• _INFORMATION SHOWN_
______________________________
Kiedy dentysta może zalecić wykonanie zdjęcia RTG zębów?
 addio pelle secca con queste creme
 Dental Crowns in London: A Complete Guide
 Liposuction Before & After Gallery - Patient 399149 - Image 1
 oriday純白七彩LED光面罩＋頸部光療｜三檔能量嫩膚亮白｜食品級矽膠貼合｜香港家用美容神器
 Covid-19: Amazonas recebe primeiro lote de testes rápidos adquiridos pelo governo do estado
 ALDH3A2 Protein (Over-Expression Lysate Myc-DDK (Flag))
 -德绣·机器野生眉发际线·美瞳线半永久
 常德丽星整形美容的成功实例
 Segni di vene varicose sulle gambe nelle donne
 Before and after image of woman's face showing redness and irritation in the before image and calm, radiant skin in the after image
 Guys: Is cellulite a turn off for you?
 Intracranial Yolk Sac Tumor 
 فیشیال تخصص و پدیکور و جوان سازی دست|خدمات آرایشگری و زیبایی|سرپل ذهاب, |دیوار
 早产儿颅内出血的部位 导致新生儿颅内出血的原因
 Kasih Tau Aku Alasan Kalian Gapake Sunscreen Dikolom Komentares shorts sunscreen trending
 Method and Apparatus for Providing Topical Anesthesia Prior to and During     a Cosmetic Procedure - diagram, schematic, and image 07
______________________________
Write out every line of the listing that holds the word "Before".

 Liposuction Before & After Gallery - Patient 399149 - Image 1
 Before and after image of woman's face showing redness and irritation in the before image and calm, radiant skin in the after image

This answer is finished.